Let’s say you’re 25, and haven’t started investing yet, but land a job earning $55,000 (not far below the median income for householders between 25 and 34 years old, which was $62,294 in 2017). Better still, you’re eligible for a nice 401(k) benefit: Your employer matches 50 cents of every dollar you contribute, up to 6 percent of your salary. So you enroll and contribute 6 percent. (Of course you do; it’s free money!) That means you’re investing about $275 pre-tax money per month, and your employer kicks in $137.
Stay the course throughout your career, investing 6 percent of your salary, and you’ll be a millionaire by age 60. And by 65, you’ll have $1.5 million!
But let's back up. This example is based on a host of assumptions. The first is that you are earning $55,000—which you may not be by 25. If you make less than that, you'll need to set aside a little more each month or invest for a longer period of time. The example also assumes you get a 3 percent raise each year, and increase your 401(k) contributions accordingly—and that you average 7 percent annual returns from your investments, which is a fair estimate for stock market returns over a long stretch.
Even if those assumptions apply to you, a $1 million prize at the end may still seem too good to be true, especially in the early years, when growth seems paltry. After year one, you’d have only about $5,100 (including your employer match). By 29, you'd have about $31,000. But things accelerate in your late 30s.

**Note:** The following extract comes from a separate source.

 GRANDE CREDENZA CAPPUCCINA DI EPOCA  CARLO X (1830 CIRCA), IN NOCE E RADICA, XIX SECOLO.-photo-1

At 36, you'll have crossed the six-figure mark; at 46, you’ll have more than $300,000, and by 51, more than half a million.
Better yet, to get there, you'd only have to contribute about $256,000. (Your employer will contribute half that, or $128,000.) Compounding takes care of the rest.
Even if this example doesn't match your exact situation, it demonstrates the power of investing early, and regularly, and sticking with it so you can reap the benefits of compounding returns. But it's not too late to hit that $1-million mark if your 20s are behind you.
Let’s say you, like many Americans, reach your 30th birthday and haven’t started saving for retirement. Using the same assumptions, you still have time to reach $1 million by the time you’re ready to stop working—but you’ll be 65 instead of 60, like the early saver.
After 30, however, things get trickier. Someone who waits until age 35 would only have $665,000 by age 65. But there’s always hope, and it’s truly never too late to start growing wealth; it’ll just cost you a little more to catch up. Nudge that 6 percent contribution up to 10 percent, and that 35 year old would get to $961,000 by age 65 (and more than $1 million just a year later, by 66).
So far, we’ve assumed that each investor has the benefit of both an employer-sponsored retirement account (and one-third of non-unionized American workers don’t) and a generous match (which about a quarter of employers with 401(k)s don’t offer). Remove the 3-percent match from our first example, and the person who started at 25 years old would still have $1 million by 65.
You can also become a millionaire by 65 by investing $4,700 per year in your own Individual Retirement Account, which is accessible to anyone who’s earned income in a given year. That’s 8.5 percent of a $55,000 salary, but it would become less as you earn more over time.
In other words, becoming a millionaire is not impossible, even if an employer isn’t helping you out. But it bears repeating: Investing early is key. Starting at 35 in the above scenario means you’d have $475,000 by 65. Maxing out the IRA—the current limits are $5,500 per year, or $6,500 if you’re 50 or older—would still only yield about $580,000 come retirement time.
Sure, rent, debt and all your other bills could make putting aside several hundred a month a little daunting. But remember, depending on the type of account you have, your contributions could be pre-tax, meaning you won’t feel it as much in your take-home pay.
And even if it requires some sacrifice now to get there, the payoff of being in good financial shape (even if you don't quite hit $1 million) by the time you want to stop working should be worth it.